Bajó sus manos hasta su cintura y la aproximó a él. El ambiente olía a café, pero su pelo era como de frutos del bosque. Olisqueó su pelo y se sumergió en él para empaparse de aquel dulce olor. Ella sonrió, como siempre, tímida e indecisa, pero a la vez segura y honesta. Lo abrazó por detrás, como queriéndole decir con las manos lo que con la voz no sabía, o no podía. Le temblaba hasta el alma y dio gracias al cielo a que él no pudiera leer sus pensamientos. Un <<te quiero >> era evidente, como lo era un <<sería mejor que no nos volviéramos a ver>>. Sabía que las dos opciones eran las correctas pero no sabía cuál le daba más miedo. Temor. Algo más profundo que el no saber qué habrá detrás de una puerta. Algo tan profundo como saber que los trenes que van llenos de gente cuando llegan a un destino se vacían. Y temer por que ese tren jamás llegue a un destino donde él tenga que bajarse.
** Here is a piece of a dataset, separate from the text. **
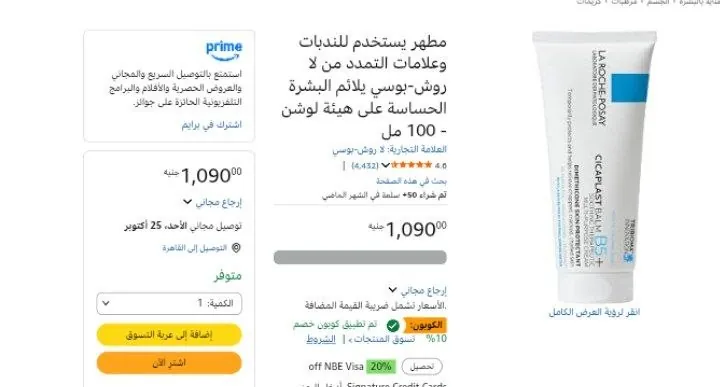 صورة مطهر يستخدم للندبات وعلامات التمدد من لا روش-بوسي يلائم البشرة الحساسة على هيئة لوشن - 100 مل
<<Hasta la última parada>> pensó mordiéndose un labio.
Él, como por inercia, felicidad, o simplemente tras leer sus pensamientos colocó una sonrisa en esos labios llenos de grietas. Era tan guapo cuando sonreía.

Pestañeó varias veces antes de volver a mirarla, porque ahora era él el que se debatía consigo mismo.
<< No quiero que sea como las demás>> se repetía.
<<No quiero ser una más>> pensaba ella.

Y con un brillo especial se volvieron a mirar. No había distracciones lo suficientemente fuertes como para que ellos pudieran desenganchar sus pupilas. Casi se habían besado con los ojos. Y digo casi porque fueron sus labios los que se juntaron y sus ojos los que se acabaron cerrando.
<<Suficiente>> pensó ella.
<<¿Cómo para qué?>> ahora dijo él.
<< Como para quererse>> contestó en voz alta ahora.
Ambos parecían dos estrellas que combatían para ver cuál brillaba más en aquella noche de enero. Y cierto es que no había dos iguales en el cielo.